Please repeat exactly the line containing "侯马苹果14维修分享 iPhone 14 和 Apple Watch 上关闭崩溃检测" and each line after it in the records below, through the last.

[[ DATA RECORDS, beginning ]]

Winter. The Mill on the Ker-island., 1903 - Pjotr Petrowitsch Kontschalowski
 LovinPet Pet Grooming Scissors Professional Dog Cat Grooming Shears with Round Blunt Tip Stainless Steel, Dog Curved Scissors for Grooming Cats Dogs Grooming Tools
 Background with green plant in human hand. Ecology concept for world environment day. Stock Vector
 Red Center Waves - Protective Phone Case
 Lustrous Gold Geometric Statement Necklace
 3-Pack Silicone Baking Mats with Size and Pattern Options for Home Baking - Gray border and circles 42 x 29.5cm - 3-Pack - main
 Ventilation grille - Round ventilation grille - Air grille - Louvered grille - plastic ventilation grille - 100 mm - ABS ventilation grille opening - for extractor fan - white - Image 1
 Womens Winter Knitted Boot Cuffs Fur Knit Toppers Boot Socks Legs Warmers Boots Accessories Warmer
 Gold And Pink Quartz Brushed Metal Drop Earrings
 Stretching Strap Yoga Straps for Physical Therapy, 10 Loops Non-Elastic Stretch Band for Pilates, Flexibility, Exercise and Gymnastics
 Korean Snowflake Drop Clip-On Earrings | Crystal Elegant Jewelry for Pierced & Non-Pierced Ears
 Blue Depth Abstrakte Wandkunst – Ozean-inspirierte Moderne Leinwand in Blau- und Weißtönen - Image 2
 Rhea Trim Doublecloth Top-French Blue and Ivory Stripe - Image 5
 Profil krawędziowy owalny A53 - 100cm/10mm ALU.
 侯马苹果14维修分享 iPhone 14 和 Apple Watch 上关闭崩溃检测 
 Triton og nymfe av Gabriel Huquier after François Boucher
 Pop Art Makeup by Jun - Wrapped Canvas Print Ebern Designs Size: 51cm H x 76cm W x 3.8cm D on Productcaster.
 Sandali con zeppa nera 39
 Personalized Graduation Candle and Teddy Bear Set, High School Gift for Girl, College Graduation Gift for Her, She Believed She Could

[[ DATA RECORDS, end ]]

RESULT FOR THIS TASK:
 侯马苹果14维修分享 iPhone 14 和 Apple Watch 上关闭崩溃检测 
 Triton og nymfe av Gabriel Huquier after François Boucher
 Pop Art Makeup by Jun - Wrapped Canvas Print Ebern Designs Size: 51cm H x 76cm W x 3.8cm D on Productcaster.
 Sandali con zeppa nera 39
 Personalized Graduation Candle and Teddy Bear Set, High School Gift for Girl, College Graduation Gift for Her, She Believed She Could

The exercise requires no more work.